Why I Work at Restoring Artists Identity:
We’ve become far too comfortable with the theft of art work turned social media gimmick. We see a quote, feel a pang of resonance, and hit “like” or “share,” never stopping to ask whose hands actually typed those words. In many high-traffic poetry and art groups, posts from “top contributors” and “ anonymous group members” strip the artists of their identity, leaving behind nothing but a “vibe” and maybe the artists initials.
The Origin of the Rescue
While my focus is often on supporting the indie creative community; I am against all plagiarism, stolen credit, and ill-attributed works in any form. Whether an artist is indie or traditionally published, if their work moves me, I will refuse to push their stolen content through social media algorithms.
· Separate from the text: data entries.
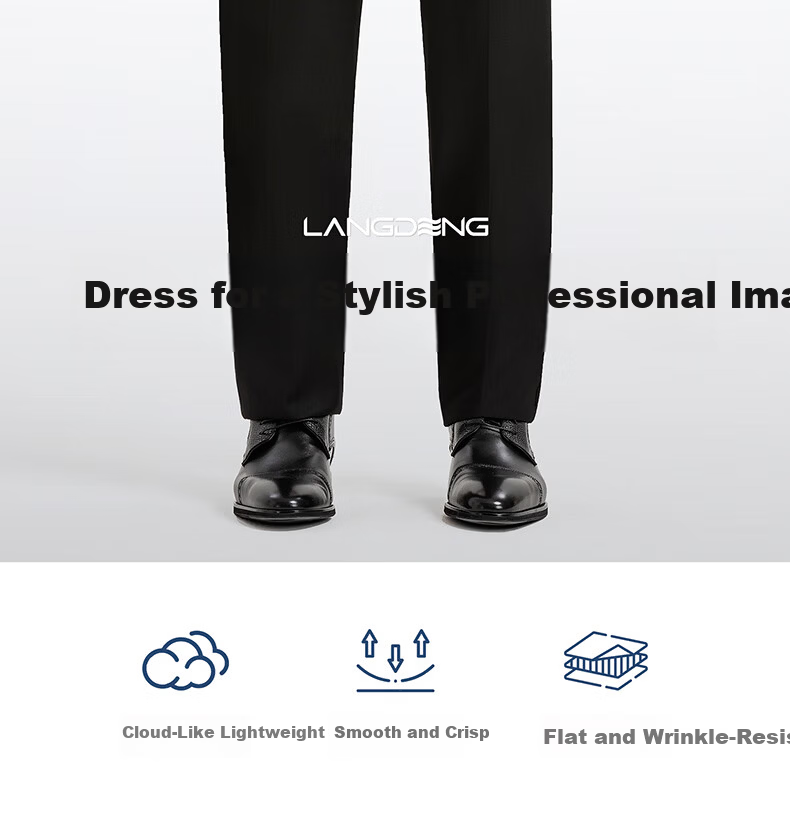 Langdeng Business Men's Formal Dress Pants Spring Autumn New Easy-Care Straight-Leg Commuter Suit Trousers for Men 2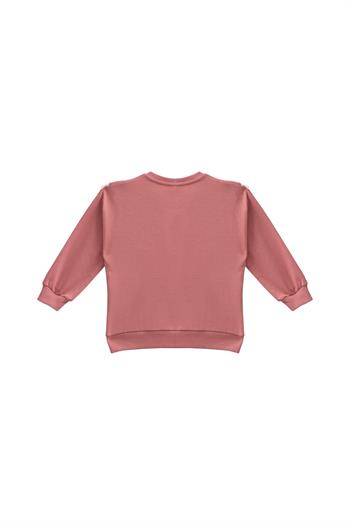 Kız Çocuk Fırfır Detaylı Sweatshirt - Gül Kurusu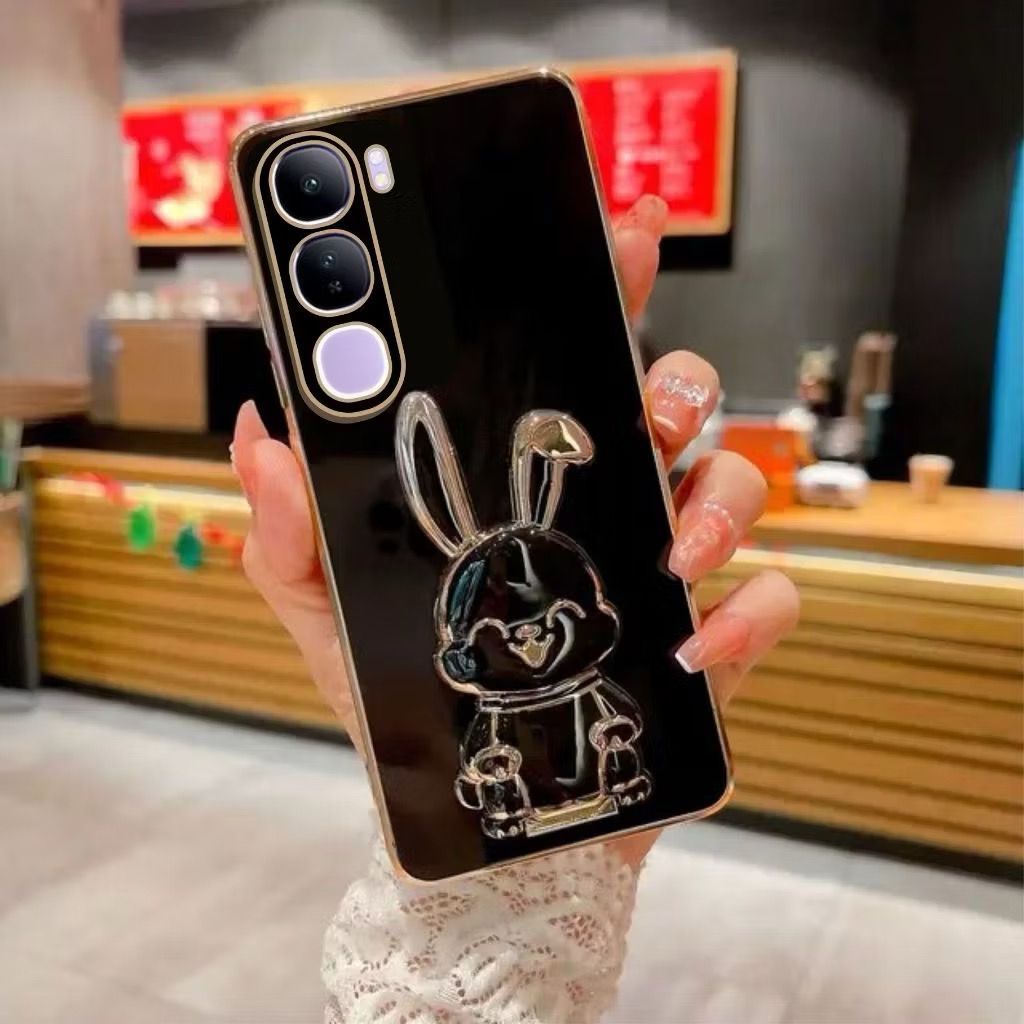 Softcase VIVO Y21d Premium Silicon Case ฟรีที่วางโทรศัพท์กระต่าย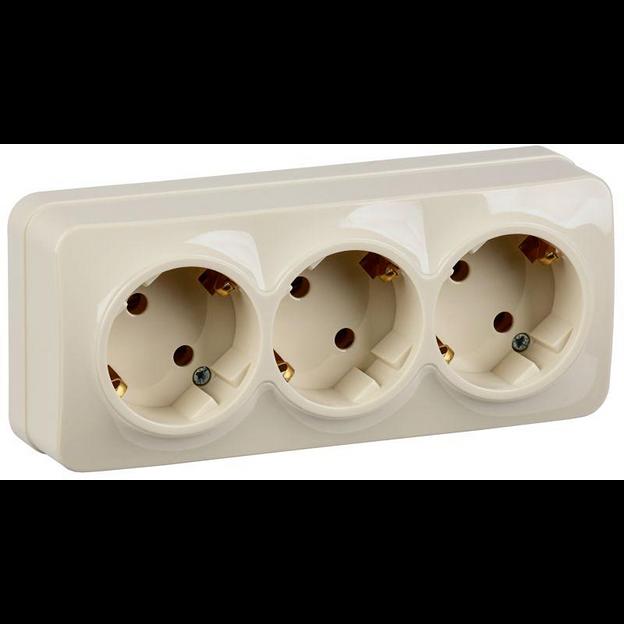 IEK ERH31-K33-16 РС23-3-ХК Розет. 3-ая с з/к о/у 16А GLORY кремовый фото 1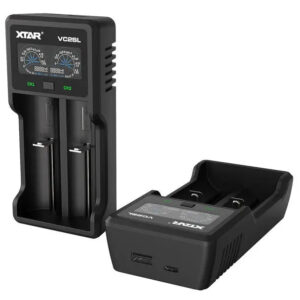 XTAR VC2SL USB‑C 18650/21700 Battery Charger | 2‑Bay Smart LCD Xtar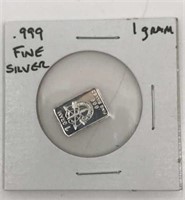 1 Gram .999 Fine Silver Rectangle
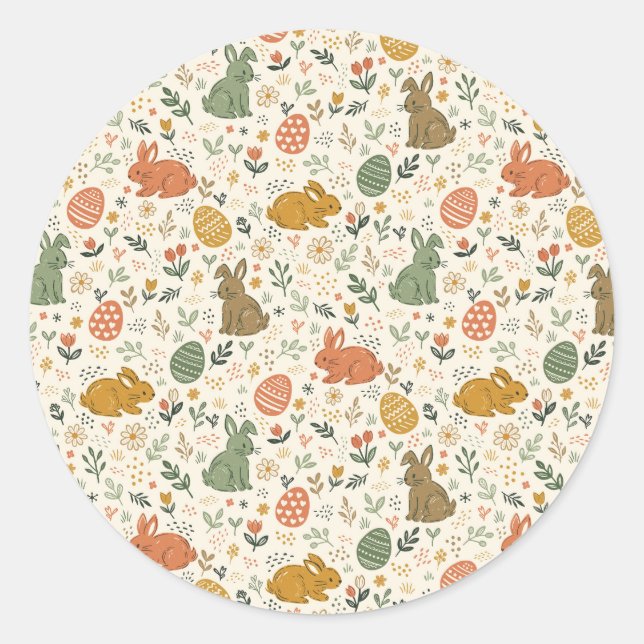 Adesivo Redondo Cute Hand Drawn Spring Bunnies Sticker (Frente)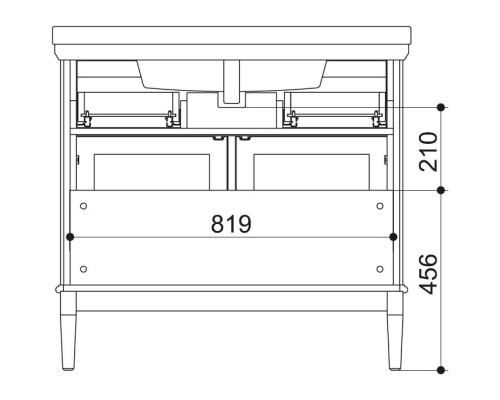 Тумба черный матовый 89,2 см Caprigo Jardin 10413-B032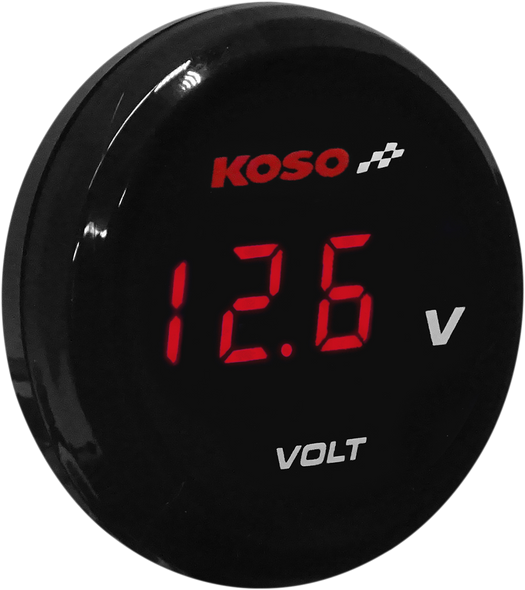 KOSO NORTH AMERICA I-Gear Volt Meter - Red Digits - 1.57" Diameter x 0.43" D BA067R00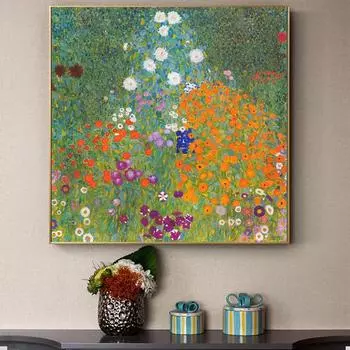 Густав Климт Цветочный сад Холст Картина Известные произведения искусства Плакаты и принты Настенная картина для украшения гостиной Куадрос 20x20cm no frame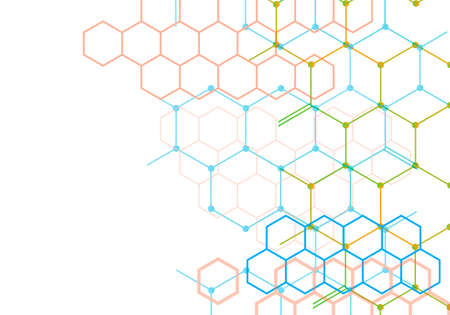 Abstract geometric background, Hexagon connection trend design.のイラスト素材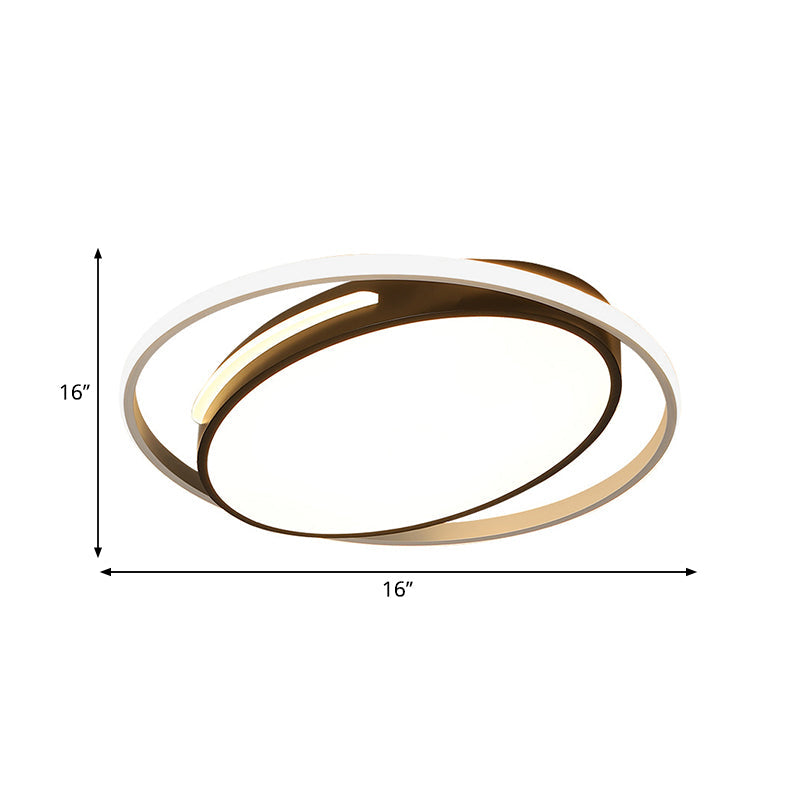 Black Oval Flush Mount Lighting - Metallic Led Light With Frosted Diffuser 16’/19.5’ Wide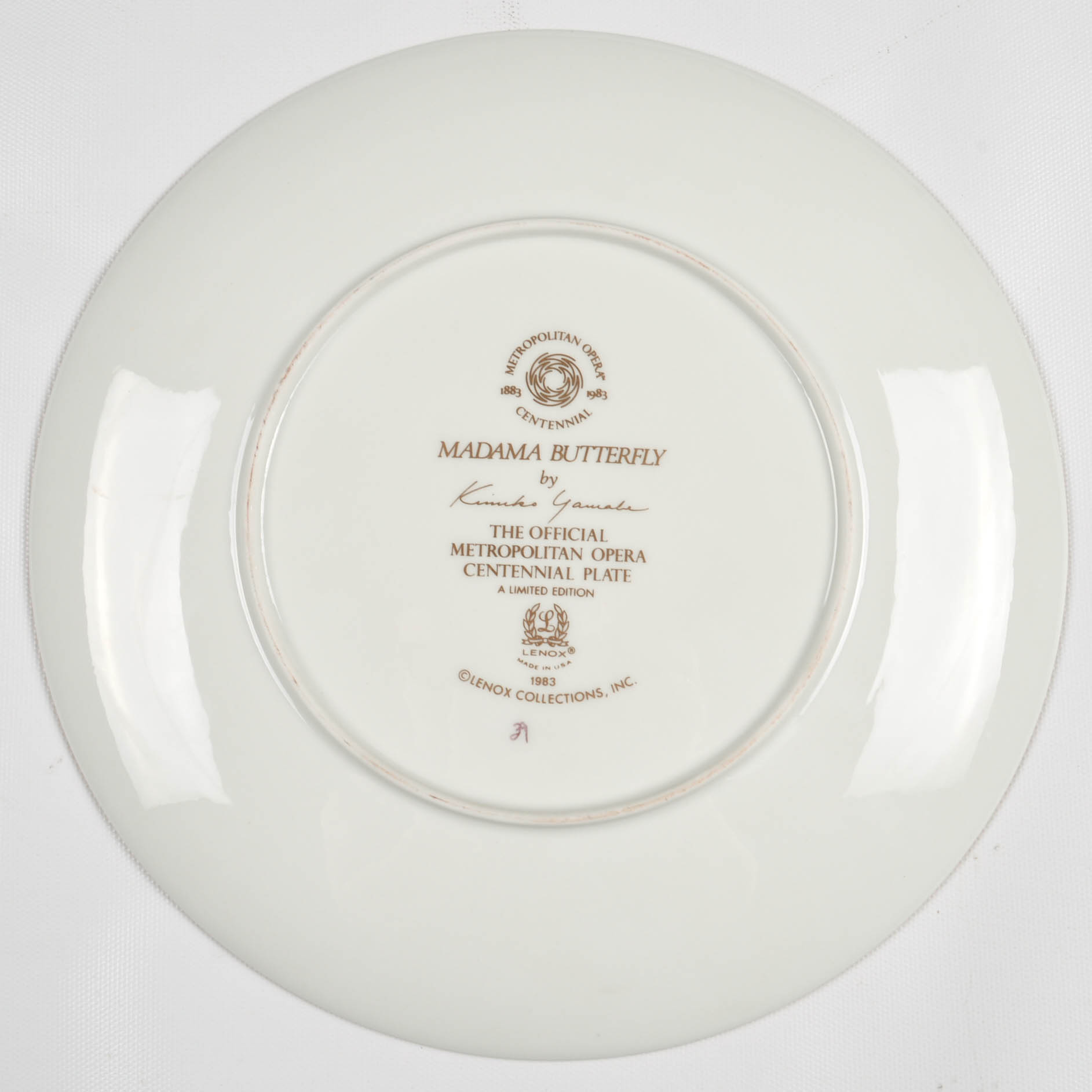 Metropolitan Opera Centennial “Madama Butterfly” Plate By Lenox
I am dedicated to providing them authentic credit while offering creative advice to others.
Upon seeing this latest example today, I finally put together the framework for a solution.
The Change:
Instead of just scrolling past with a sigh, I am launching a casually recurring series on the Open Shelf. I will be finding the humans behind the ill-attributed quotes, poems, and prose, and restoring their credit. If I was moved by the work of course. The posts will also go on to use their work as a jump-off point to show you how to dismantle a spark and build something entirely your own.
We are all feeding the cycle of uncredited, low-energy sharing. In order to do more than speak of change I want to see in art, media, literature, and well the world, this is how I will begin to actually implement some of these changes. This is restoration for the art that moves me while I also work at improving the ethics of crediting a creative person accurately.
Along side these actions to create change I will layer art and literature history where fitting. As well as taking advantage of the opportunity to show other creative individuals you how sparks can be dismantled and rebuilt into something entirely new, sometimes not even remotely relevant to the piece that sparked your creativity.
D.K. Marie – The First Creative Restoration:
The piece I saw circulating today is by D.K. Marie, an author that has navigated both the traditional and self-publishing worlds to become an Amazon #1 bestseller.
This post which I screenshotted to add below, from a large poetry group on Facebook is signed with a stylized -DK. I do want to mention there is not one word in the caption. And while I understand the image is aesthetically pleasing visually for your Instagram and TikTok feeds. That doesn’t apply here in a large Facebook group and not on Instagram or TikTok.
Which also leads us to add the fact that, captions no matter the length do not affect your personal page’s aesthetic feed view. If the work is your art and you don’t want to caption it that’s valid as heck. Go on with ya bad self. However, ethical crediting of creatives for their work where it is due is a base level thing to always do.
The Creator:
D.K. Marie is known for her minimalist snapshots of poetic pain, swoon-serenading romance novels, and blending love, lust, and laughter.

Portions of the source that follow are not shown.